As for processing more than 2 channels (say, 4 or 6 or 10), I suppose
that it might be possible in a single, larger FFT, but I have serious
doubts as to whether that would be an efficient way of doing things.
In fact, it could be grossly inefficient.

When I referred to doing more channels in parallel, this is what I
meant.  To keep things simple, let's say that there's no large memory
space (so we'll have to use a recursion for our twiddle calculations),
and also no multi-threading, etc.
A typical recursive FFT might look like the 3 loop structure below:

do ( some addressing )
    do( more addressing )
        do ( butterfly calculations )
        ......
        }
        twiddle recursion stuff
    }
    more twiddle recursion stuff
}

To make the software parallel so that it can operate on multiple
channels, why not replicate the butterfly calculation part as many
times as you need?  You could still use the 'two N point real with and
N point complex' method.  In other words, for processing 8 channels of
real data, make channels 1 and 2 the real and imaginary parts of a
complex input.  So to with real channels 3 and 4, etc.  Then you could
program an N point complex in/out FFT, and repeat the butterfly code 4
times.  After the FFT, you'd have 4 complex results - the first one
contains channels 1 and 2 (which will be separated by post-
processing).  And so on.

The important thing is that you're not doing the addressing and
twiddle recursion overhead for each channel. You do it only once.

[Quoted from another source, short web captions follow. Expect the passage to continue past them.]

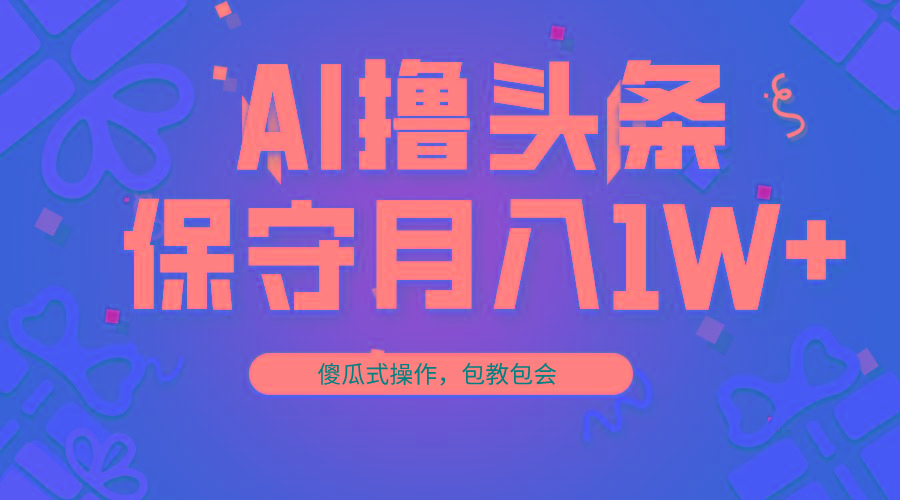 AI撸头条3天必起号，傻瓜操作3分钟1条，复制粘贴月入1W+。-吾爱网创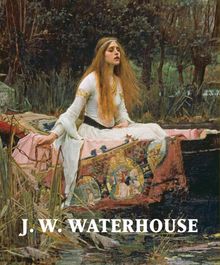 J. W. Waterhouse: The Modern Pre-Raphaelite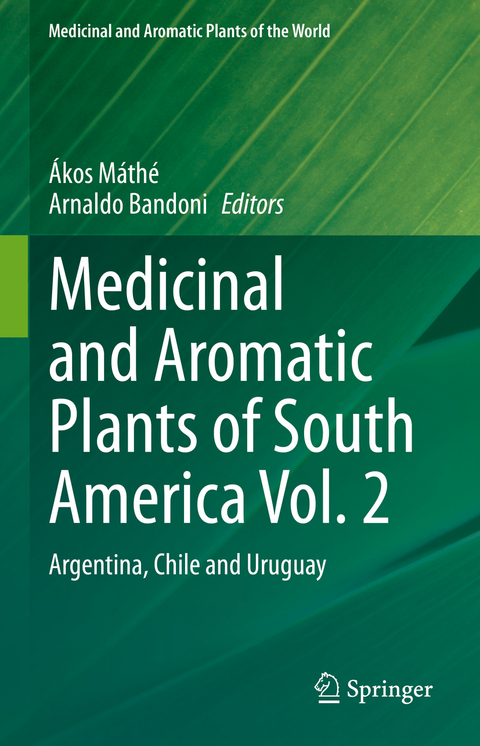 Medicinal and Aromatic Plants of South America Vol. 2 - 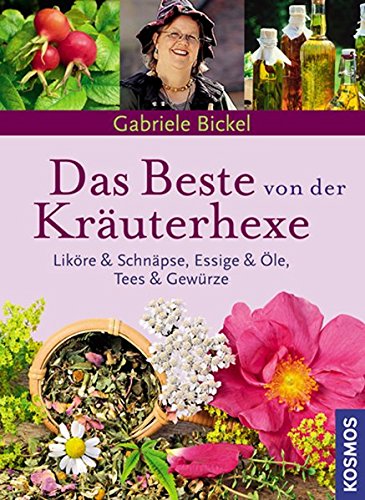 Das Beste von der Kräuterhexe: Liköre und Schnäpse, Essig & Öle, Tees & Gewürze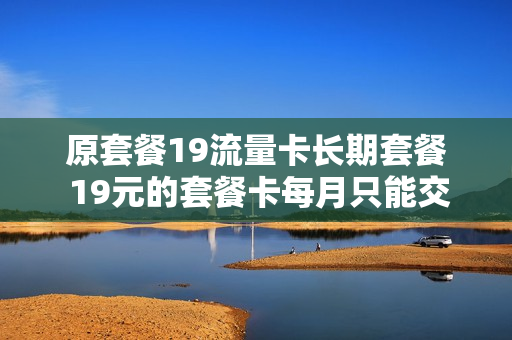 原套餐19流量卡长期套餐 19元的套餐卡每月只能交19块钱吗?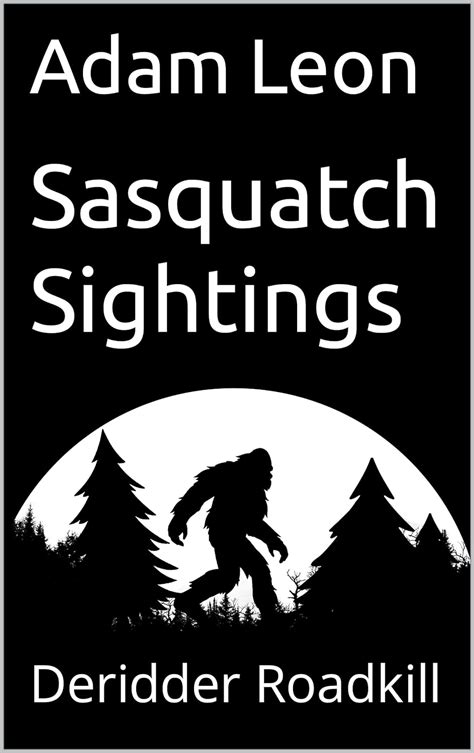 Sasquatch Sightings Deridder Roadkill Ebook Leon Adam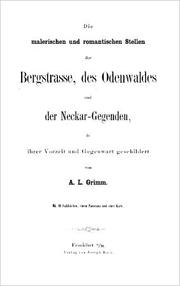 Cover of: Die malerischen und romantischen Stellen der Bergstrasse, des Oldenwaldes und der Neckar-Gegenden: in ihrer Vorzeit und Gegenwart geschildert. ... Mit 40 Stahlstichen, einem Panorama und einer Karte.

I've done this kind of thing before for image processing, and it
improves things.  But it might be difficult to do if you have to work
with existing code that someone else wrote.

Kevin McGee

Reply by rsdio ●January 30, 20112011-01-30

Thanks, Kevin.  You've certainly given me some ideas and specific
algorithms to try out.  It will take me a while to digest, and then I have
to fit the optimization phase of my development into my schedule.  Until
then, you have my thanks in advance.

Reply by dbd ●January 30, 20112011-01-30

On Jan 30, 12:16&#4294967295;am, kevin <kevinjmc...@netscape.net> wrote:
> ...
>
> Of course, using global twiddle tables or multi-threading changes
> things, and it could tilt the decision as to what approach is more
> efficient substantially.
>
> So yes, one or the other approach could be more or less efficient than
> the other, depending on what processing resources are available.
> ...
> Kevin McGee

The point of using a dedicated DSP chip with a RTOS instead of a
Windows OS on an Intel CPU is to be able to put all the table setup
into the initialization and avoid any recurring setup costs during
real-time operation. The OP seems to have a DSP chip. What are the
timings like for an efficient real-time implementation without the
setup overhead?

Dale B. Dalrymple

Reply by kevin ●January 31, 20112011-01-31

On Jan 30, 12:32&#4294967295;pm, dbd <d...@ieee.org> wrote:
> On Jan 30, 12:16&#4294967295;am, kevin <kevinjmc...@netscape.net> wrote:
>
> > ...
>
> > Of course, using global twiddle tables or multi-threading changes
> > things, and it could tilt the decision as to what approach is more
> > efficient substantially.
>
> > So yes, one or the other approach could be more or less efficient than
> > the other, depending on what processing resources are available.
> > ...
> > Kevin McGee
>
> The point of using a dedicated DSP chip with a RTOS instead of a
> Windows OS on an Intel CPU is to be able to put all the table setup
> into the initialization and avoid any recurring setup costs during
> real-time operation. The OP seems to have a DSP chip. What are the
> timings like for an efficient real-time implementation without the
> setup overhead?
>
> Dale B. Dalrymple

Well, I used to have a TMS320 evaluation board, but that was ten years
ago.

As far as efficiency, even if you strip out all the overhead, you
still have to do a certain number of calculations for a particular
algorithm.  And you know how many there are beforehand.  So you have a
fairly good idea of what the minimum is for doing the calculations.
Anything beyond that is overhead, and some of it is necessary.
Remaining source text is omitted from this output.